Manuel Núñez también recurre al dato histórico, a la investigación, al testimonio. Pero adultera los tiempos y los confunde (El doctor Antonio Zaglul aparece como personaje, él mismo entra al discurso de la ficción, emplea dominicanismos para ilustrar determinadas circunstancias, moldea los rasgos de sus personajes desmenuzándolos como un narrador omnisciente, etc), aunque su texto, como el de Antonio Scurati, no deja de ser más que un relato. Me imagino el impacto que tendría “El último Sordello” si se publicara en italiano.
Muchas veces en mi vida de lector sentí el pálpito de que Ezra Pound era un personaje de novela.

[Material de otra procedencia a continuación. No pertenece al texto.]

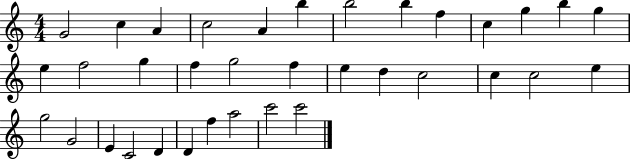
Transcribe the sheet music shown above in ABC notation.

X:1
T:Untitled
M:4/4
L:1/4
K:C
G2 c A c2 A b b2 b f c g b g e f2 g f g2 f e d c2 c c2 e g2 G2 E C2 D D f a2 c'2 c'2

Una vida tumultuosa, los episodios de una crápula existencia desperdigados en la ruta; y el legado de una obra poética robusta que perdura con fuerza.
Hasta una cierta e indescifrable bondad. Ahí están sus esfuerzos por difundir las obras literarias de otros autores, y sus cánticos contra la usura y la mezquindad. Estoy más que satisfecho con “El último Sordello”, la novela de Manuel Núñez. Una verdadera lección de buena escritura, una exhaustiva investigación documental, y una novela que escala la estantería de la excelencia de la literatura dominicana.